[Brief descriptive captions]
——————
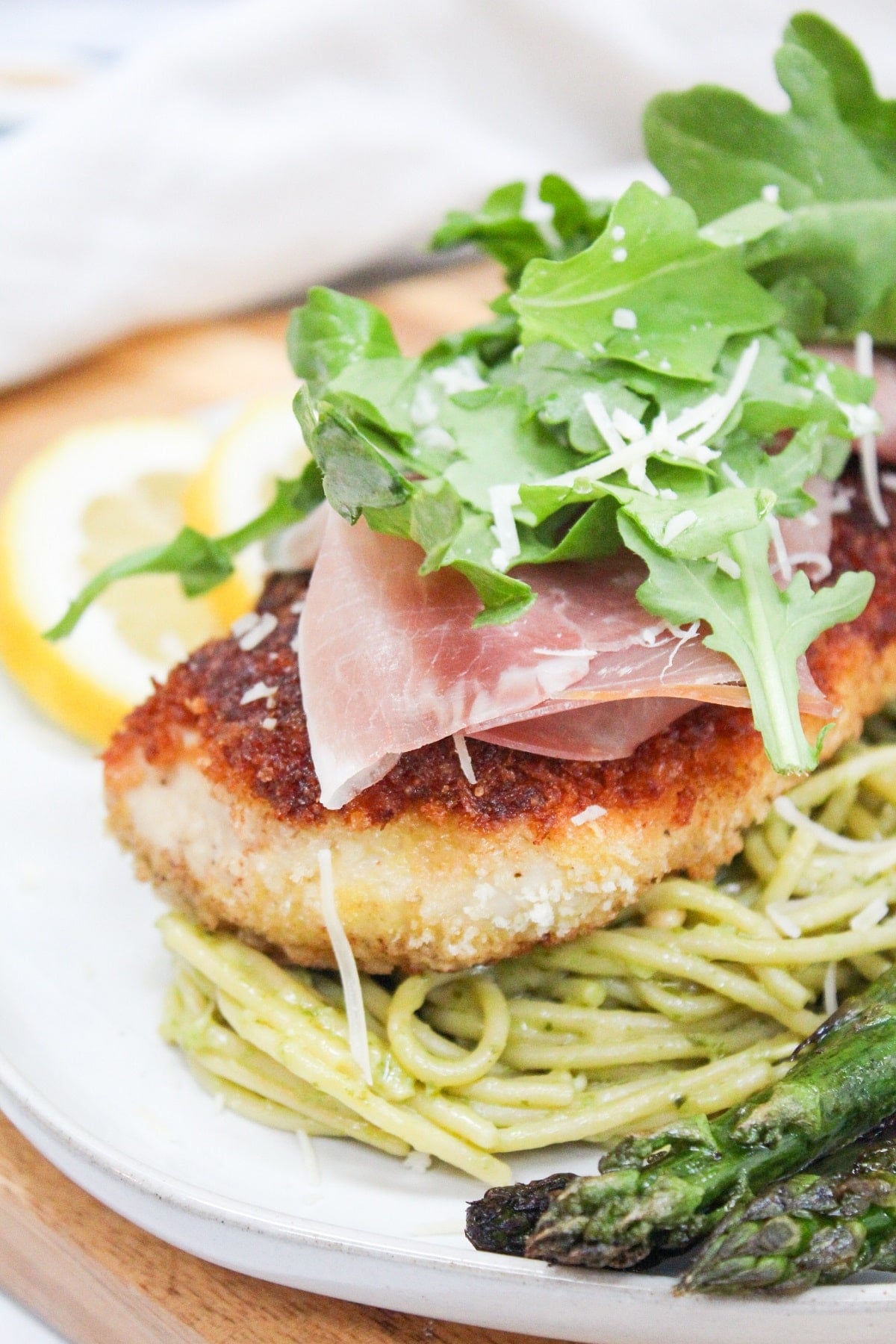 chicken bellagio over pasta topped with arugula and served wit asparagus.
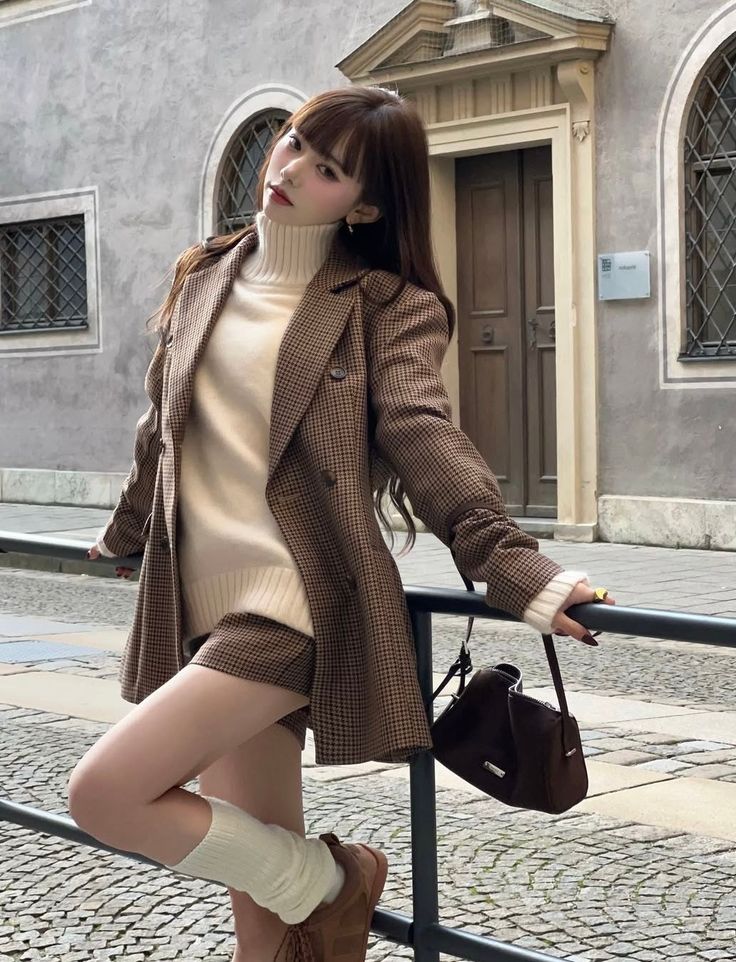 Woman in a plaid blazer and short shorts posing on a street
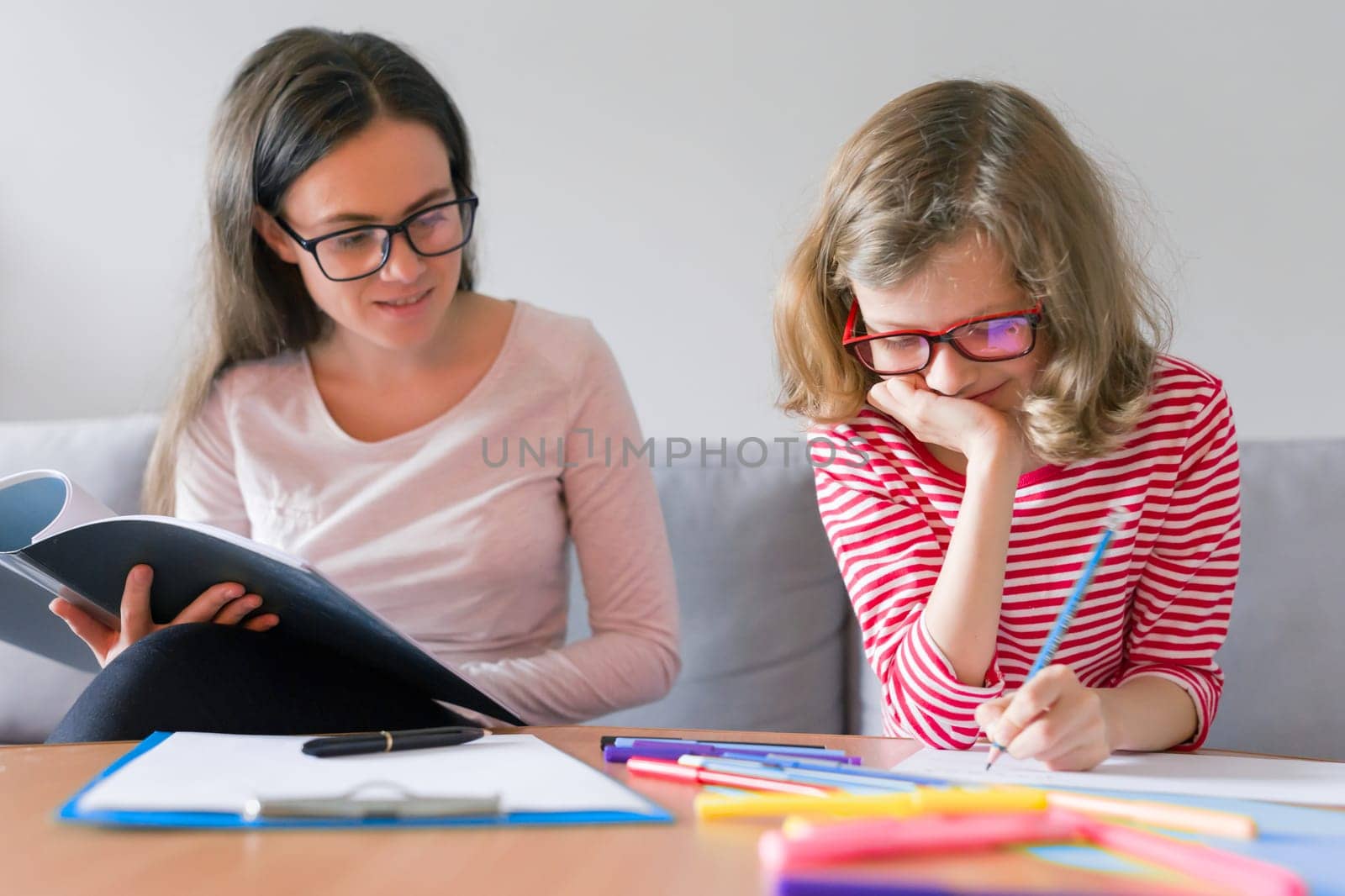 Young woman teacher teaches primary school girl. Individual private education lessons at home
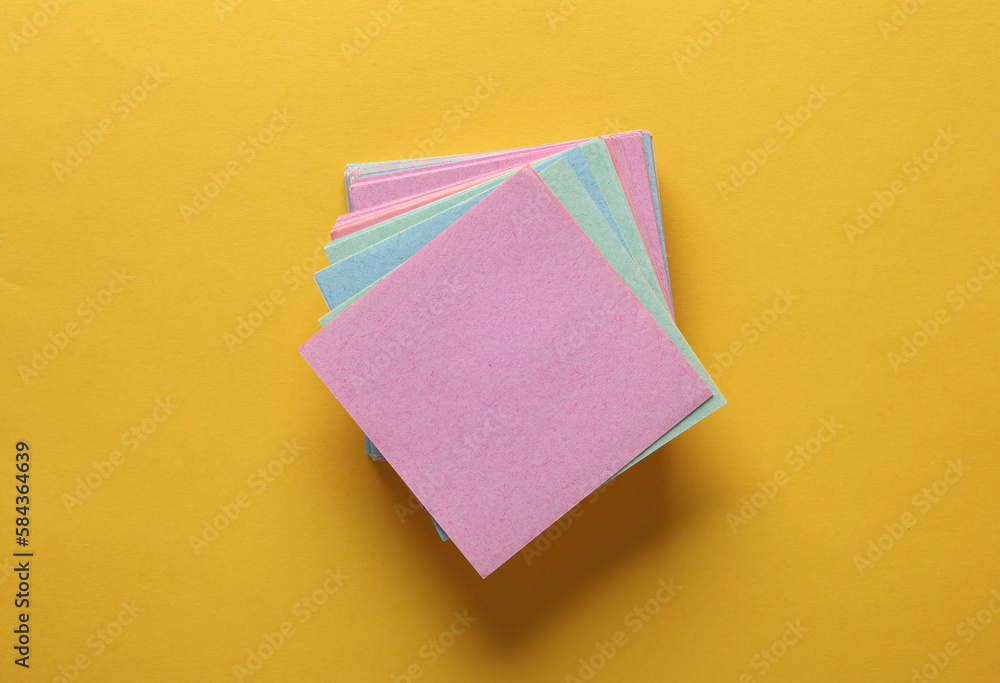 Poster stack of colored square memo sheets of papers on yellow background. top view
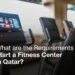 Row of modern treadmills in a fitness center with a text overlay asking 'What are the Requirements to Start a Fitness Center in Qatar?'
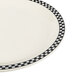 A white Homer Laughlin china plate with black and white checkered trim.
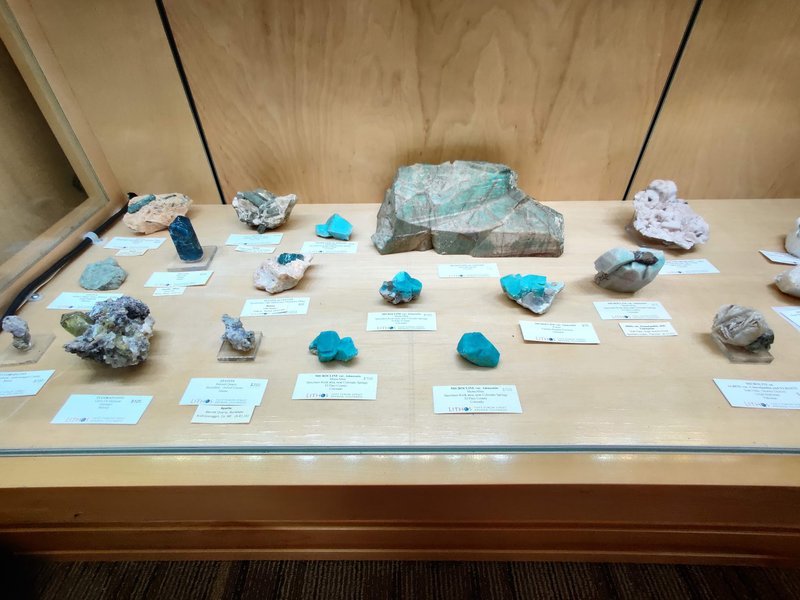 Retail shelving with organized crystals, stones, and spiritual products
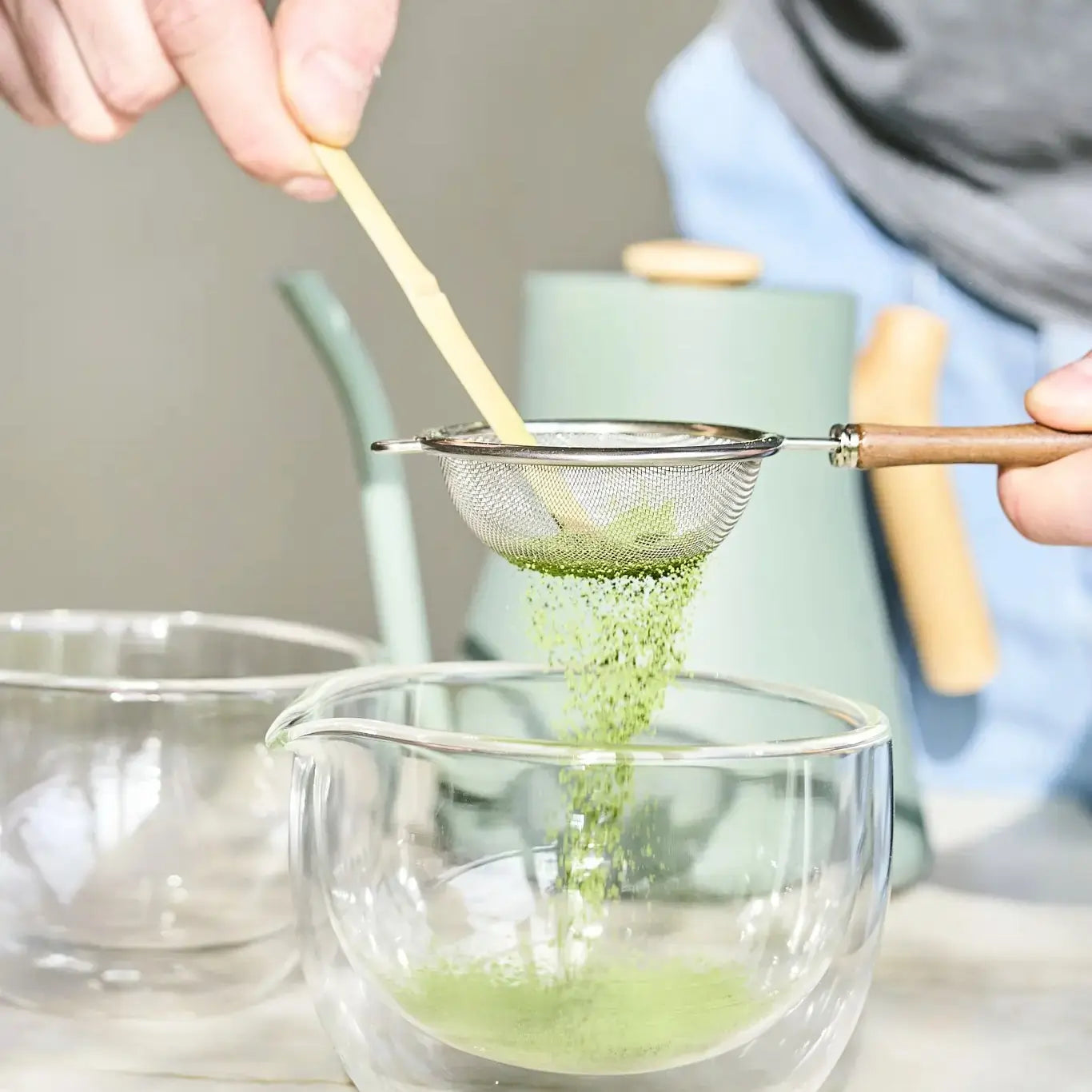 Stalowe sitko z drewnianą rączką podczas przesiewania zielonej matchy do szklanej czarki, przygotowanie herbaty matcha z użyciem bambusowej łyżeczki chashaku.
——————
» REQUIRED ACTION
Having removed the pictures, write out the records exactly as they stand.

» EXERCISE SOLUTION
 chicken bellagio over pasta topped with arugula and served wit asparagus.
 Woman in a plaid blazer and short shorts posing on a street
 Young woman teacher teaches primary school girl. Individual private education lessons at home
 Poster stack of colored square memo sheets of papers on yellow background. top view
 Row of modern treadmills in a fitness center with a text overlay asking 'What are the Requirements to Start a Fitness Center in Qatar?'
 A white Homer Laughlin china plate with black and white checkered trim.
 Retail shelving with organized crystals, stones, and spiritual products
 Stalowe sitko z drewnianą rączką podczas przesiewania zielonej matchy do szklanej czarki, przygotowanie herbaty matcha z użyciem bambusowej łyżeczki chashaku.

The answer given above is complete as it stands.